Dynamic Modeling of the Electromyographic and Masticatory Force Relation Through Adaptive Neuro-Fuzzy Inference System Principal Dynamic Mode Analysis

Abstract

Introduction: Researchers have employed surface electromyography (EMG) to study the human masticatory system and the relationship between the activity of masticatory muscles and the mechanical features of mastication. This relationship has several applications in food texture analysis, control of prosthetic limbs, rehabilitation, and teleoperated robots. Materials and Methods: In this paper, we proposed a model by combining the concept of fuzzy interface systems and principal dynamic mode analysis (PDM). We hypothesized that the proposed approach would provide nonlinear and dynamic characteristics improving the estimation results compared to those obtained by the classical PDM analysis and still having the benefits of a PDM model including the sparse presentation of the system dynamics. After developing PDM, the nonlinear polynomial function of the PDM model was replaced with adaptive neuro-fuzzy inference system (ANFIS) network architecture. After training, the relevant fuzzy rules were extracted and used for creating the fuzzy block (as the nonlinear function block) and predicting the output signal.
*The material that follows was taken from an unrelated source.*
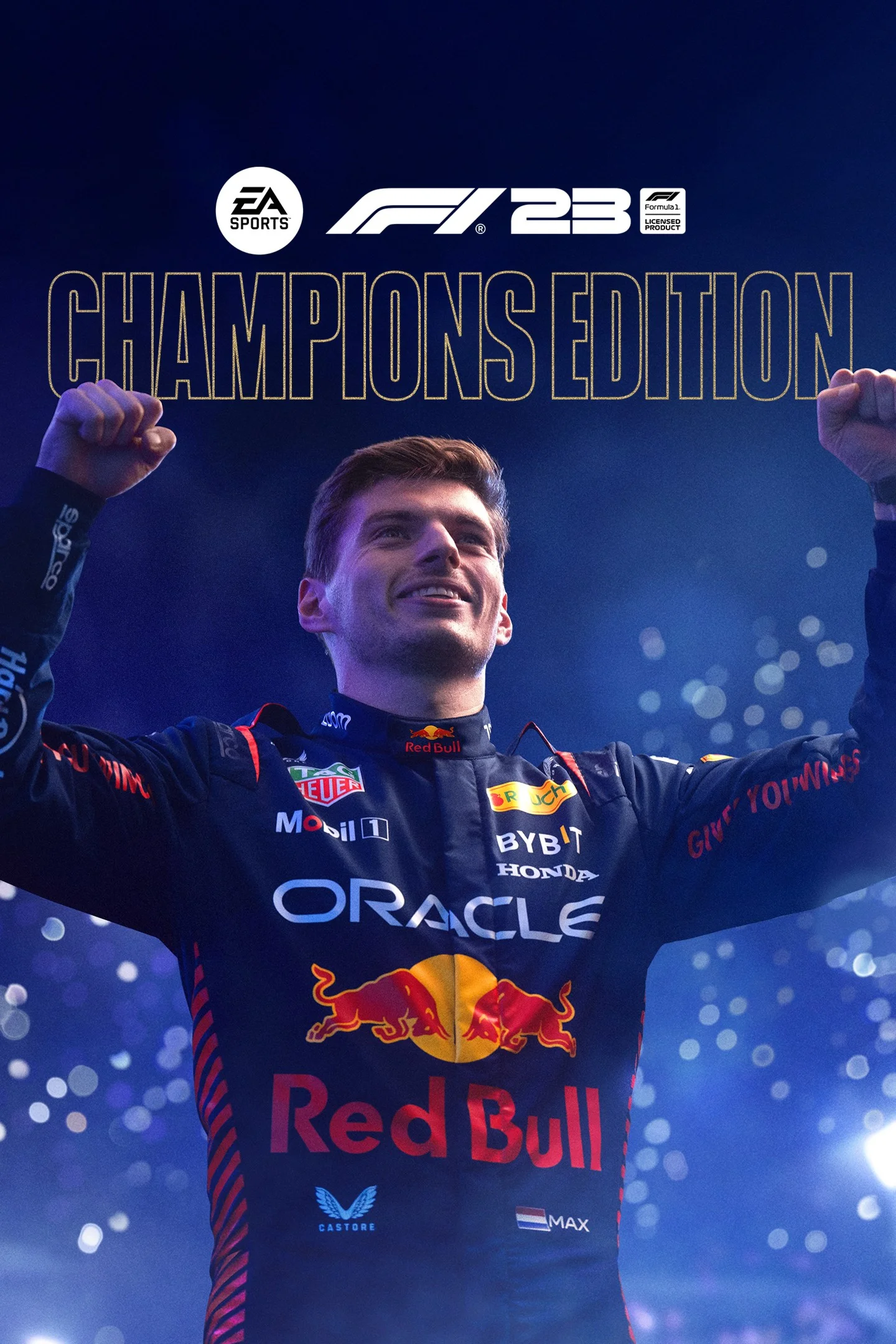 F1® 23 Champions Edition XBOX Быстрая доставка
The proposed approach was later employed to predict bite force using EMG of the temporalis and masseter muscles. Results: Our proposed method outperformed the classical PDM analysis (in terms of our evaluation criteria) in predicting masticatory force . The inter-subject evaluation of the model performance proved that the model created using the data of one subject could be used for predicting masticatory force in other subjects. Conclusion: The proposed model can be helpful in food analysis to predict masticatory force based on the electrical activity of the masseter and temporalis muscles.